We found lots to learn in the varied displays of the redesigned Maritime Museum which include 18th century shipbuilding, the record-breaking solo voyage of Sir Francis Chichester, and the role played by the village in the D-Day landings. Stroll the grassy 'street' between the twin rows of red brick cottages, visit a shipbuilder's cottage, and see the tiny wood-panelled chapel.
Across the river from Buckler's Hard, Exbury Gardens are a riot of colour from the first spring camellias and azaleas to the maples and dogwoods of autumn, whilst Lepe Country Park facing the Isle of Wight showcases maritime history of a different kind. In June 1944, 6,000 troops left this beach for Normandy as part of Operation Overlord, and with them, huge sections of the floating Mulberry Harbours, built in the Beaulieu estuary. Today, the jetties and reinforcements are still clearly visible along the beach.
Many houses on the Beaulieu estate acted as training centres for agents recruited by the Special Operations Executive during World War II, and their secret work is commemorated in a small but fascinating exhibition in the grounds of the Beaulieu Motor Museum, which this year celebrates its 40th anniversary.
The museum began with five vintage cars displayed in the entrance to Palace House and has grown into a museum that really does have something for everybody. You don't need to be a petrol head to enjoy the gleaming chassis and classic lines of exhibits as varied as the Model T Ford and Formula 1 racing cars, Chitty Chitty Bang Bang and Donald Campbell's Bluebird. Top Gear fans can see the original vehicles – or what's left of them – used in the programme's most ambitious stunts, and enjoy an insight into the team at work in the 'Enormodome' mock studio.

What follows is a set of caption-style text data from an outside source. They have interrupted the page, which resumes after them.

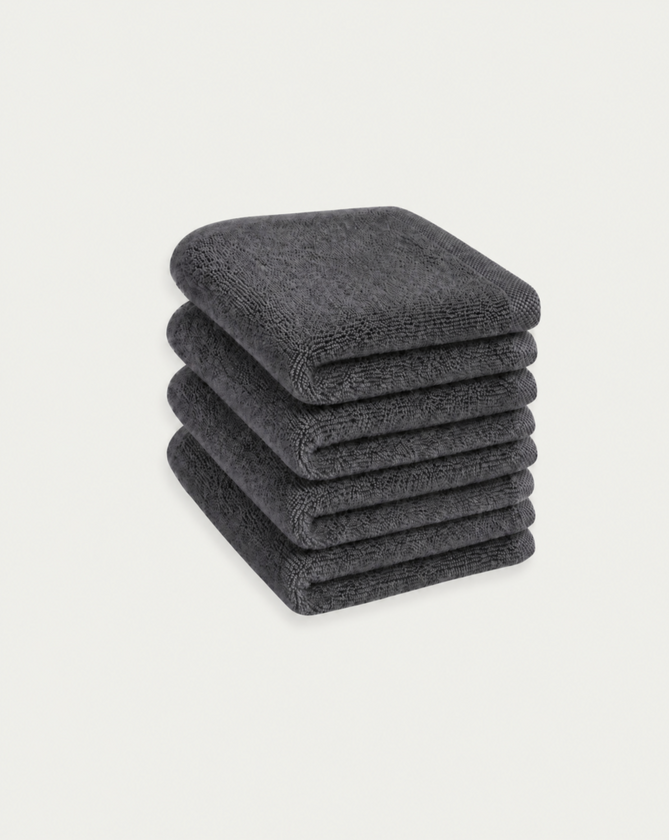 Gästehandtücher Zero-Twist-Baumwolle 30x30 cm (4 St.) | Anthrazit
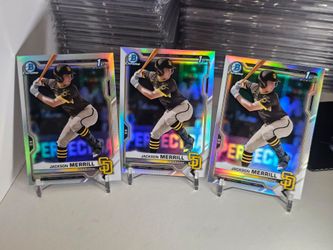 (3) Jackson Merrill 1st bowman refractor padres rookie prospect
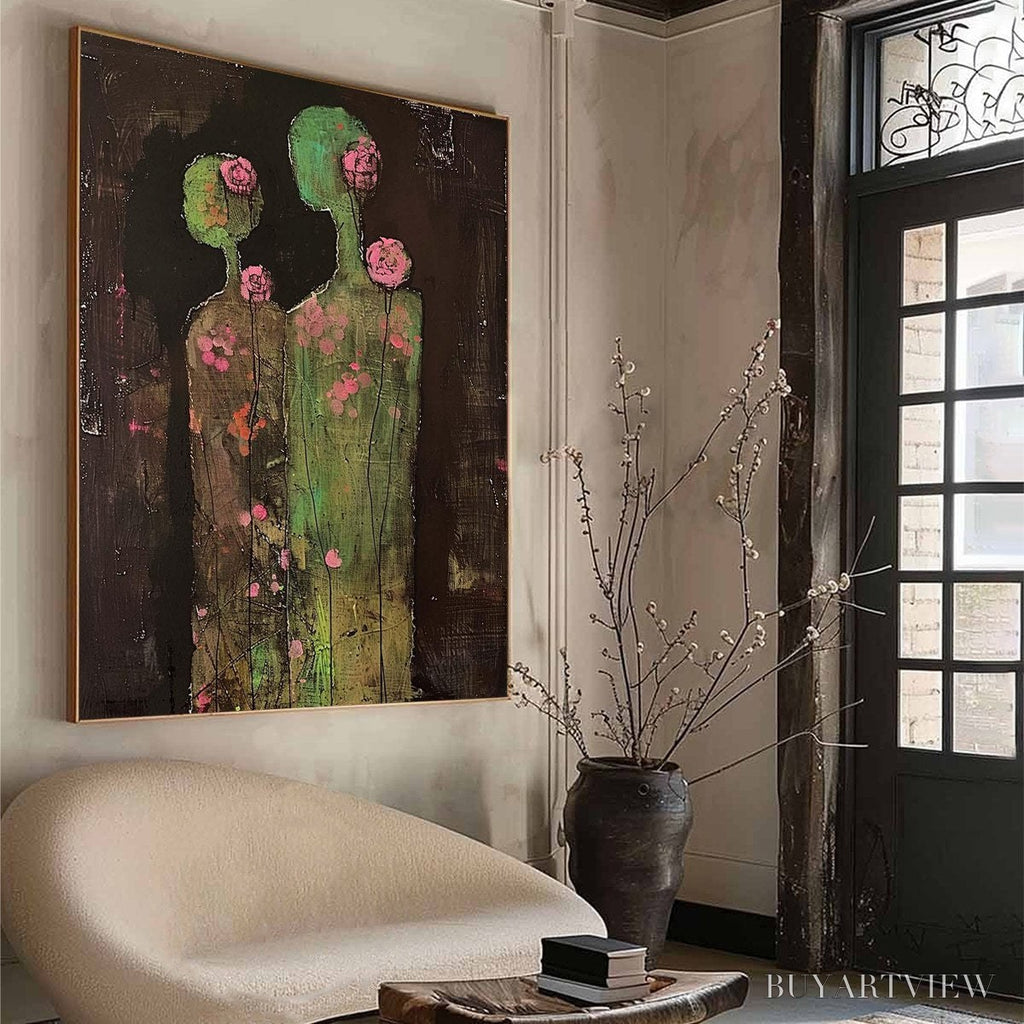 ARTOVITAS Blossom Shadows – Figurative Floral Portrait Painting - image 5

Beaulieu is also celebrating the 50th anniversary this year of the James Bond franchise with a unique exhibition of 50 vehicles from 21 films, including dirt bikes and a tuk tuk taxi, a Rolls Royce Silver Cloud and Bond's famous Aston Martin DB5. All accompanied by atmospheric film clips of the vehicles in action.
And that's not all. Away from the main motor hall, we loved the quiet calm of the ruined Cistercian abbey, the family feel of Palace House, and the beautiful landscaped gardens. In fact visitors to Beaulieu Motor Museum get far more than it says on the tin – just as they do with the New Forest.